“Ha… ha… ha…” kami tertawa mendengar cerita ustadz. “Terus gimana lagi ceritanya Ustadz?” Cecep berteriak pada ustadz penasaran ingin mendengar cerita ustadz. Dan ustadz pun melanjutkan ceritanya.
“Terus, karena anak itu tidak mendengar dengan konsen pelajaran fiqh. Padahal sudah dikatakan sebelumnya bahwa istinja boleh dengan embun asal jangan di gesek-gesek. mungkin karena dia lupa. Ketika anak perempuan itu buang hajat. Di pesantren sedang krisis air dan kebetulan pagi itu banyak embun di galengan sawah. Karena keadaan madharat maka anak itu menggesekan parjinya ke galengan sawah.

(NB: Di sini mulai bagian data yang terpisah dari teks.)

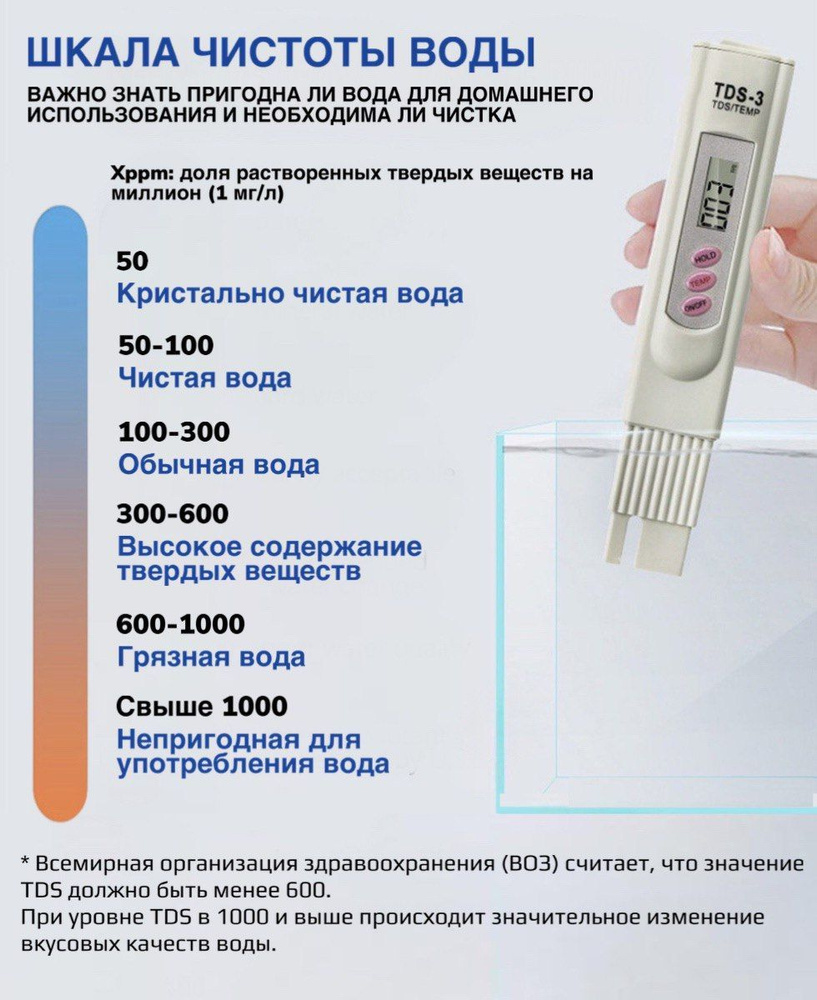 Тестер для измерения качества воды TDS-3, Цифровой измеритель соли в ...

Maju mundur, maju mundur sampai beberapa kali sehingga….”
“Ha… ha… ha…” kami ketawa lagi. Padahal ustadz belum sempat menyelesaikan ceritanya. Tapi, kami mengerti apa yang akan ia katakana. Dasar ustadz contohnya ada-ada aja. “Sssssttttt…. Diam pak Ustadz mau melanjutkan” aku menengankan keadaan.
“Ada seorang Kiai berceramah pada pengajian ibu-ibu dan bapak-bapak. Kebetulan yang banyak hadir pada saat itu kalangan manula. Saat ustad bercerita tentang fiqh yaitu masalah wudhu. Bahwa, kalau mengusap kepala harus dengan air yang secuil. Karena diantara hadirin ada seorang kakek dan nenek yang ketiduran dan kurang jelas mendengar ucapan Kiai. Mengusap kepala dengan air secuil dikiranya mengusap kepala kecil. Nah, ketika kakek itu wudhu ia mengusap kepala yang kecil dan ia senang. Tapi neneknya berkata,
“Ki gimana ngusap kepalanya? Aku kan gak punya kepala yang kecil” gitu kata nenek. Kemudian sang kakek berkata.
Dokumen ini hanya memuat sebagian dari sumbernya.